Yeah, just watching it at work (gone back, hopefully out there in a couple of hours) - the stands aren't full, are they? 

Also, a tip for anyone who might try for the following days - make your "tickets wanted" sign as loud & as visible as possible. There are people standing around with A6-size pieces of paper with something scribbled on in biro. Who is going to spot that in a crowd?

And the queue for collections is VERY slow-moving - I was told an hour, at least, around 12:10.


----------



## HashRouge (30 July 2012)

This is ridiculous - I SO wanted to go to the XC!! Firstly there look like there are loads of seats in the stands, and now I'm hearing that people have been able to buy last minute tickets TODAY??? I'm the same as everyone else - too far away to get down and I'd said I'd work anyway


----------



## CalllyH (30 July 2012)

why would the stands be full at XC? you can go in and out of the stands today, you werent allocated a seat I dont think and you would want to be watching it from all round the course

just to remind you again there IS 50 000 people there today so its not exactly quiet


----------



## orionstar (30 July 2012)

That has frankly pissed me off! I put in for two on the first round and didnt get them, then applied again and didnt get them, I know loads of people who didnt get them, so how the hell could they have re-sales! I've watched the footage all day and it wasnt as busy as some of the major 4*'s


----------



## Sash2012 (30 July 2012)

orionstar said:



			That has frankly pissed me off! I put in for two on the first round and didnt get them, then applied again and didnt get them, I know loads of people who didnt get them, so how the hell could they have re-sales! I've watched the footage all day and it wasnt as busy as some of the major 4*'s 

Click to expand...

Resales = people returning tickets. An online system makes this possible until the very last moment.
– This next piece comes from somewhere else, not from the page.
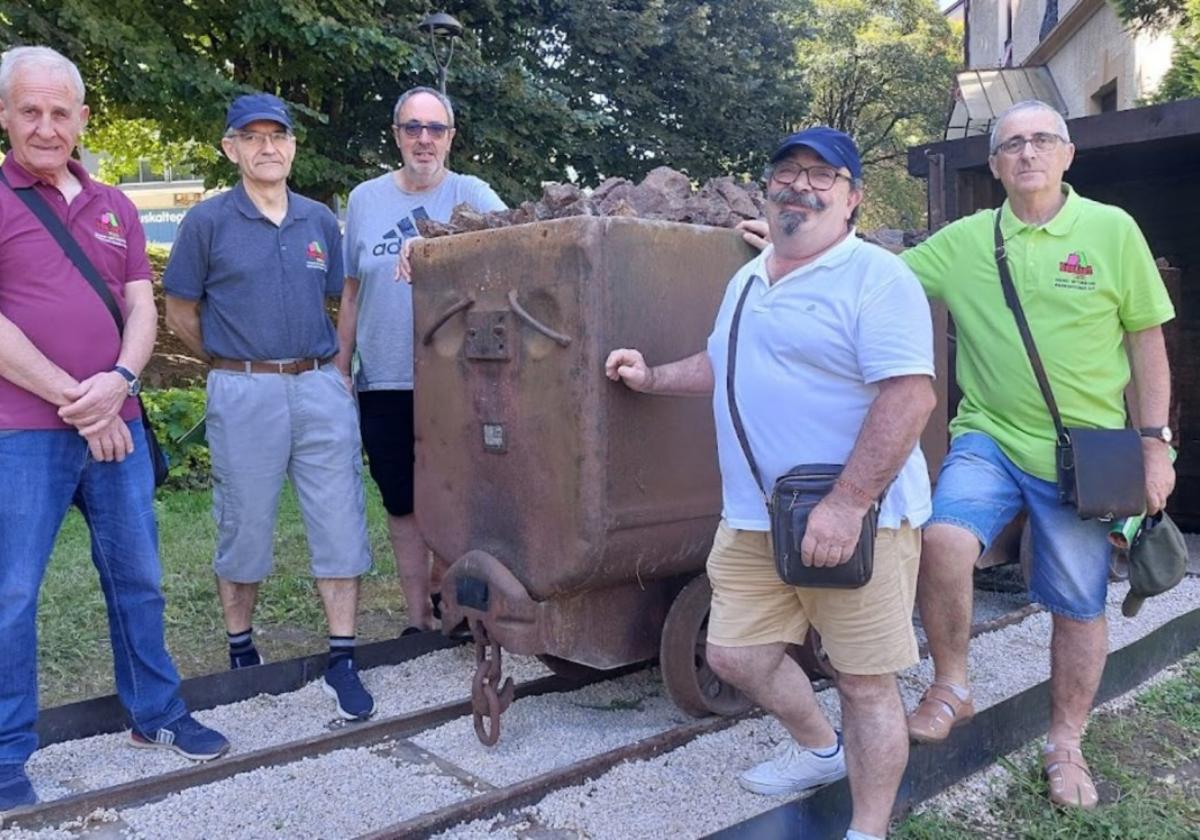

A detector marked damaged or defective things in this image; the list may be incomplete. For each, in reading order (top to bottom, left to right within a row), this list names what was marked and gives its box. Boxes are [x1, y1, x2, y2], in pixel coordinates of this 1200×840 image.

I actually thought the place was crowded enough with 50k there.


----------



## LittleEcho (30 July 2012)

Sash2012 said:



			Resales = people returning tickets. An online system makes this possible until the very last moment.

I actually thought the place was crowded enough with 50k there.
		
Click to expand...


They are people returning tickets last minute. I was lucky enough to get one this morning.

As far as it being empty. That wasn't the case. It was absolutley packed all over the course today.


----------